- WORKING DATA:

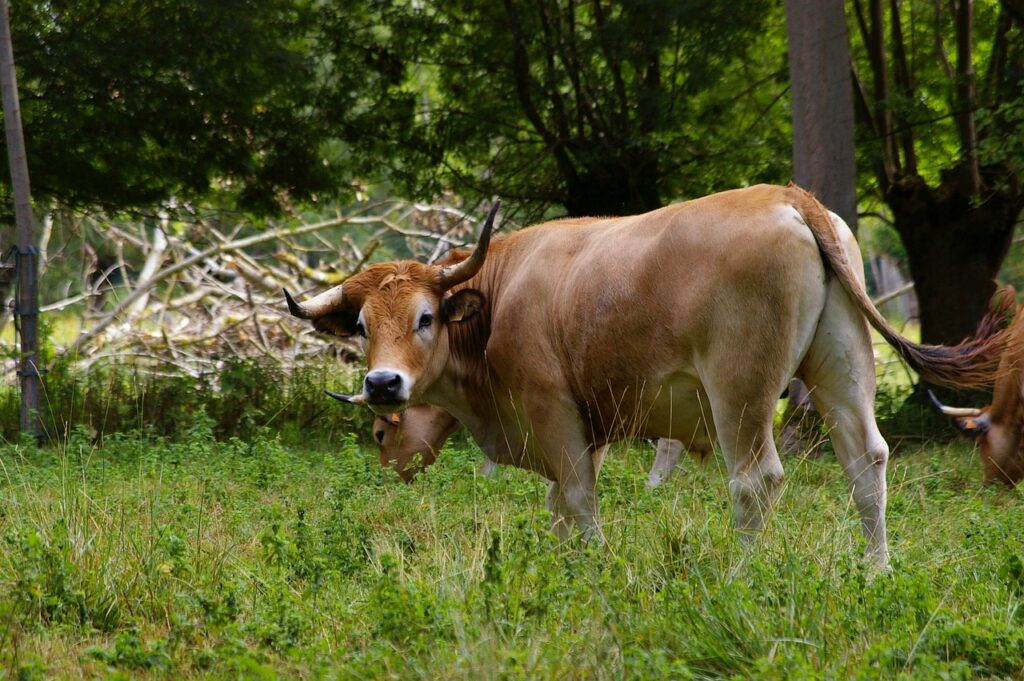 Vache maraichine en Marais Poitevin.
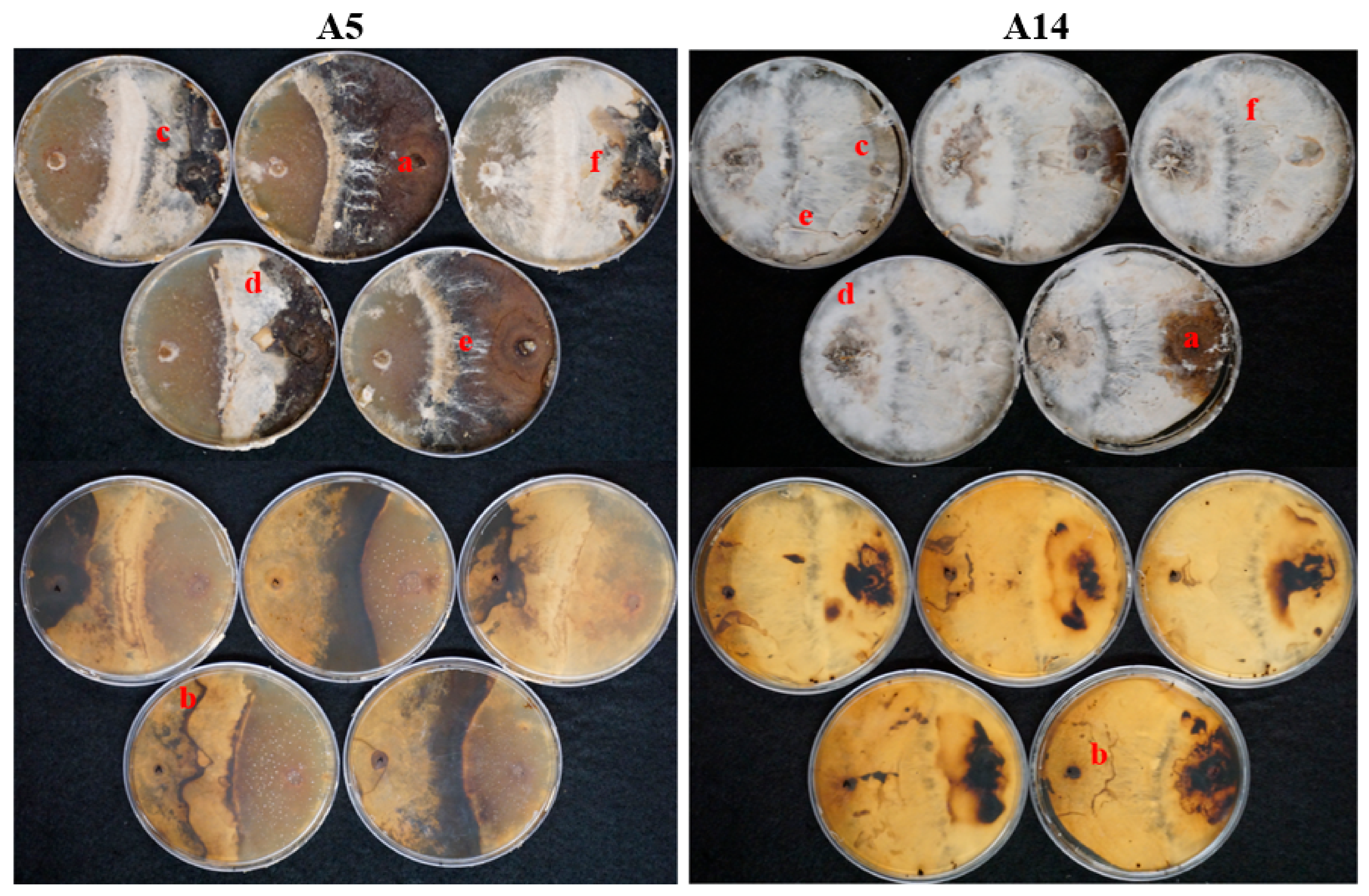 Jof 08 00203 g007 Jof 08 00203 g007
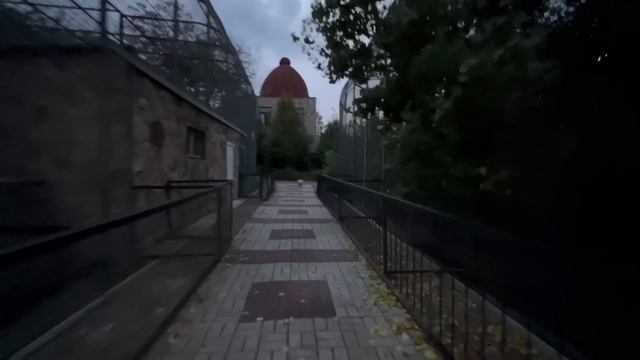 Чужая собака забежала в зоопарк и лаем пугает животных! Вот почему в парк нельзя заходить с собакам смотреть онлайн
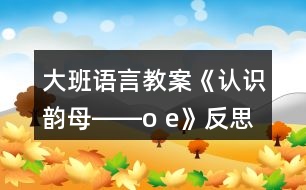 大班語(yǔ)言教案《認(rèn)識(shí)韻母――o e》反思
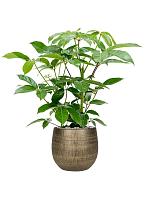 Шеффлера Амате 2 ствола H90 D24 см Шеффлера Амате 2 ствола H90 D24 см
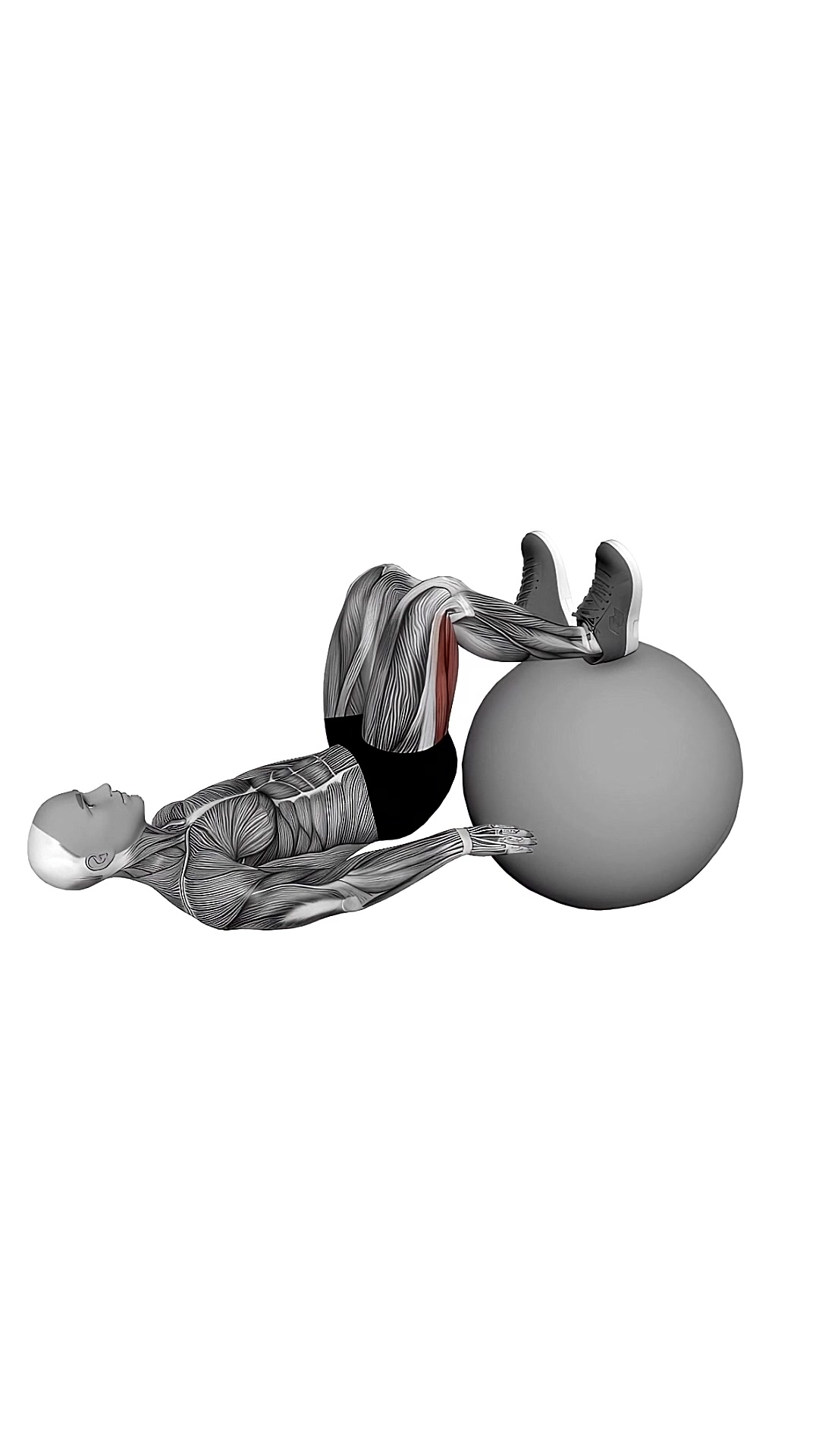 Exercise Ball Leg Curl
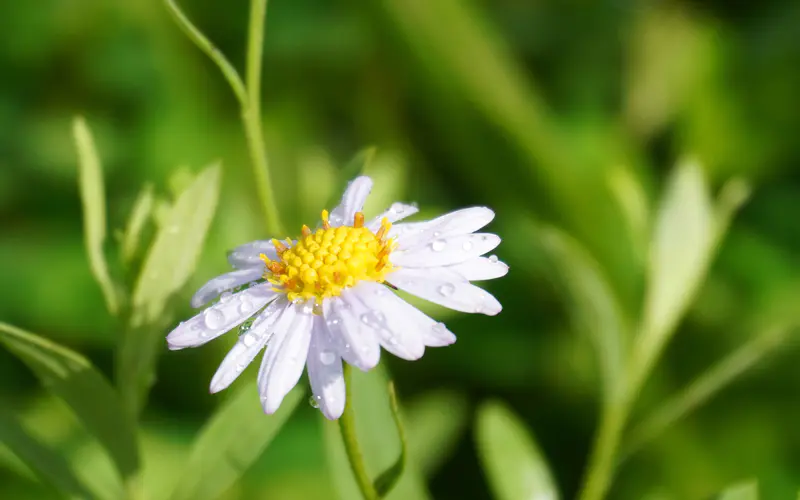 白色 兰花 春天 花 植物 宏观 5K桌面壁纸5120×3200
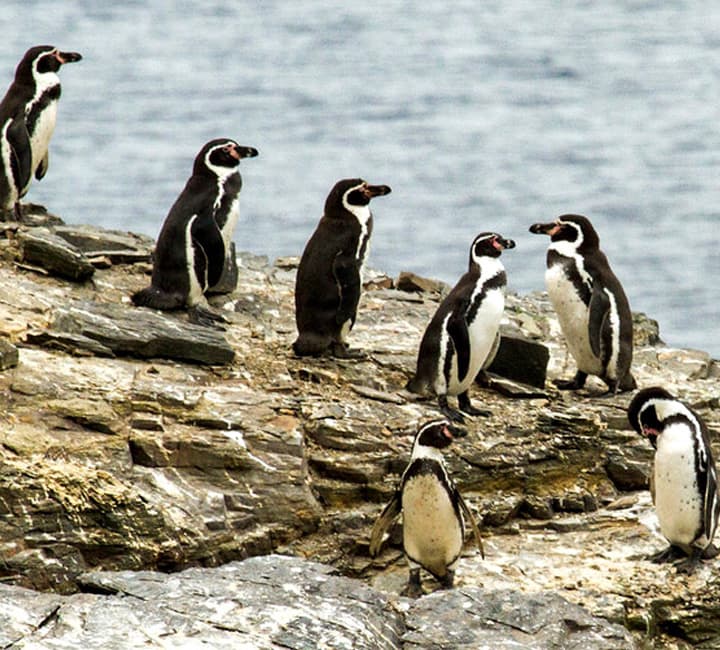 Pinguino de Humboldt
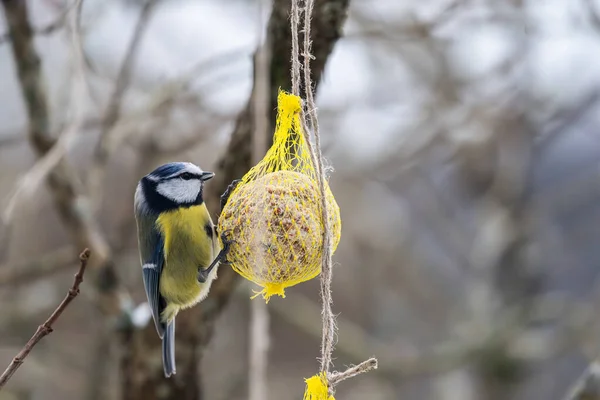 Blue Tit Eating Seed Ball Winter — Foto Stock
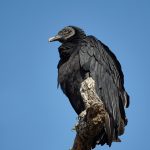 7276 Black Vulture, Hagerman NWR, Texas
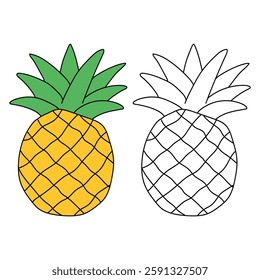 Doodle pineapple summer fruit isolated on white background vector. Pineapple summer fruit coloring page for kids. Trace and color pineapple.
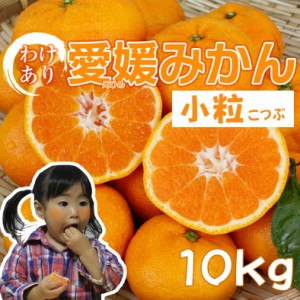 早生小粒愛媛みかん 約10kg　(5kg×2箱)　送料無料(北海道・沖縄別途送料1000円)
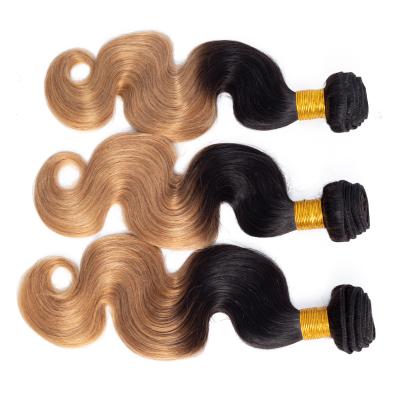 China Very High Quality 100% Silky Straight TEMPLE Wave HAIR Extensions Loose Wave Brazilian Virgin Brazilian Hair 100% Brazilian Body Wave Hair PANCHA for sale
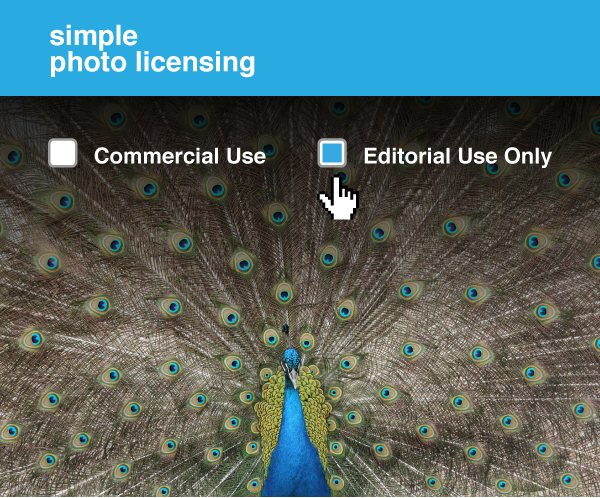 Klloom gallery image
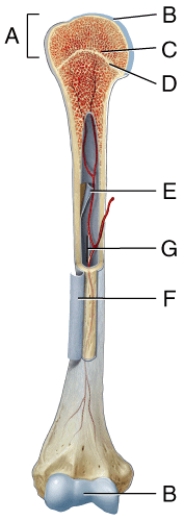 <strong>Where in the diagram is articular cartilage located? </strong> A)B B)C C)D D)E E)G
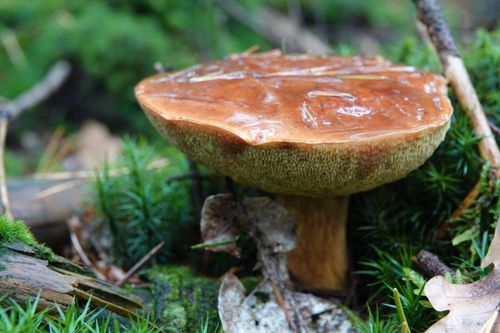 Free Close-up of a wild mushroom in a lush forest setting in Ermelo, Gelderland, The Netherlands. Stock Photo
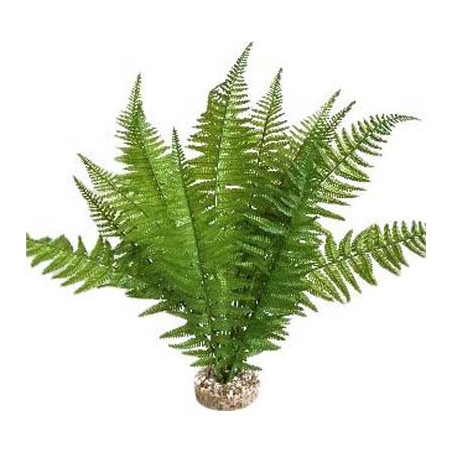 TERRA FOUGERE 46cm SCALARE
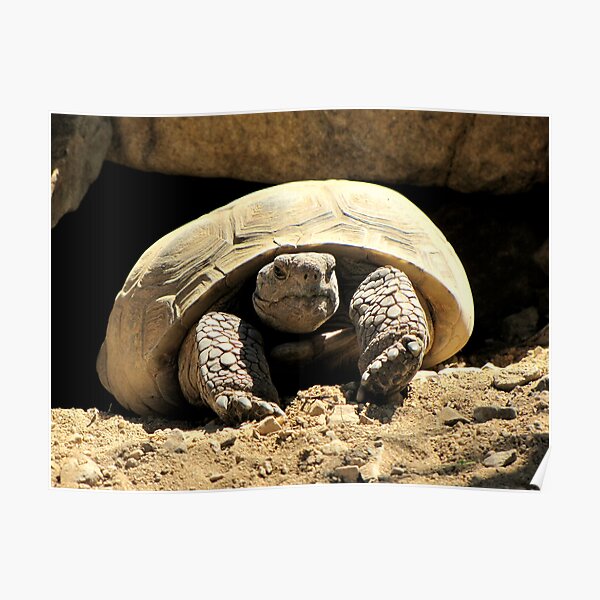 Desert Tortoise Poster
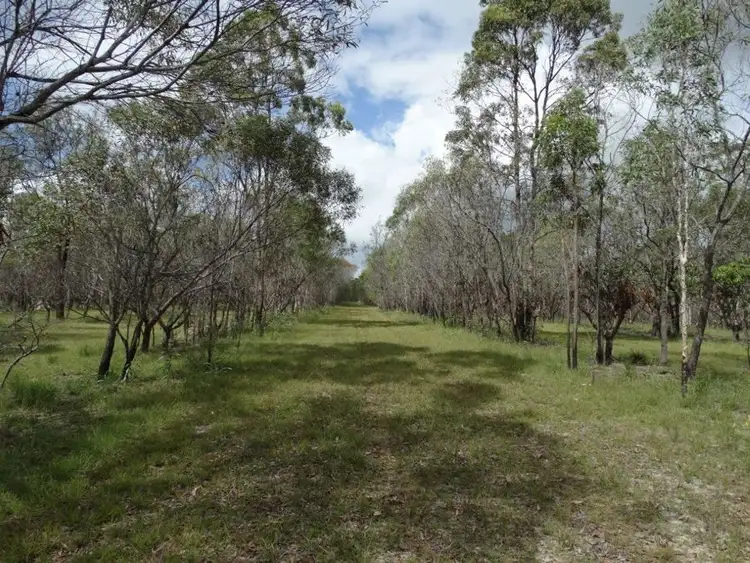 Sixth view of Homely rural property listing, 334 Pacific Drive, Deepwater QLD 4674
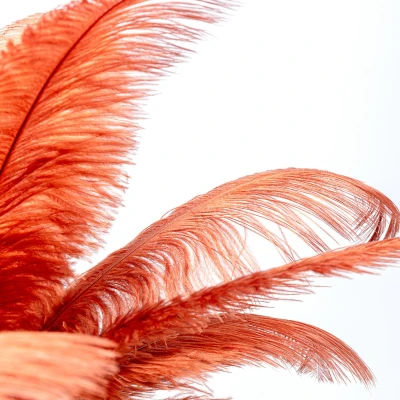 Abbildung von Kare Design Tischlampe Feather Palm Rusty, Rot, Desk Lamp, Schreibtischlampe, Nachttischlampe, Dekoleuchte, Leuchtmittel nicht inklusiv, Tischleuchte, Palmen Motiv, Federn, 60x50x50cm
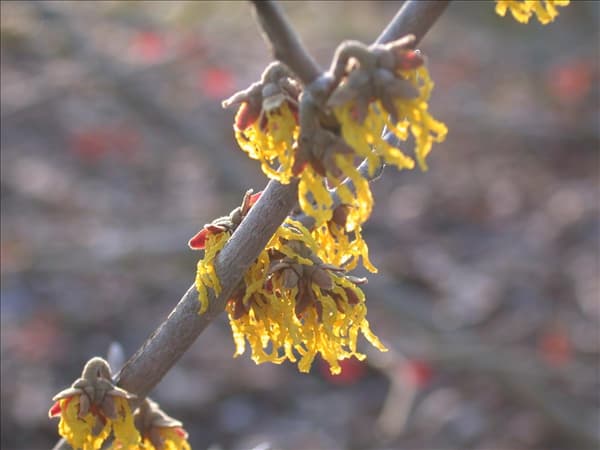Hamamelis x intermedia 'Arnold Promise'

- WORK INSTRUCTIONS: What you return must match, character for character, the lines above from the one with "Шеффлера Амате 2 ствола H90 D24 см Шеффлера" through the one with "Sixth view of", minus any pictures.

- SOLUTION TO THE EXERCISE:
 Шеффлера Амате 2 ствола H90 D24 см Шеффлера Амате 2 ствола H90 D24 см
 Exercise Ball Leg Curl
 白色 兰花 春天 花 植物 宏观 5K桌面壁纸5120×3200
 Pinguino de Humboldt
 Blue Tit Eating Seed Ball Winter — Foto Stock
 7276 Black Vulture, Hagerman NWR, Texas
 Doodle pineapple summer fruit isolated on white background vector. Pineapple summer fruit coloring page for kids. Trace and color pineapple.
 早生小粒愛媛みかん 約10kg　(5kg×2箱)　送料無料(北海道・沖縄別途送料1000円)
 China Very High Quality 100% Silky Straight TEMPLE Wave HAIR Extensions Loose Wave Brazilian Virgin Brazilian Hair 100% Brazilian Body Wave Hair PANCHA for sale
 Klloom gallery image
 <strong>Where in the diagram is articular cartilage located? </strong> A)B B)C C)D D)E E)G
 Free Close-up of a wild mushroom in a lush forest setting in Ermelo, Gelderland, The Netherlands. Stock Photo
 TERRA FOUGERE 46cm SCALARE
 Desert Tortoise Poster
 Sixth view of Homely rural property listing, 334 Pacific Drive, Deepwater QLD 4674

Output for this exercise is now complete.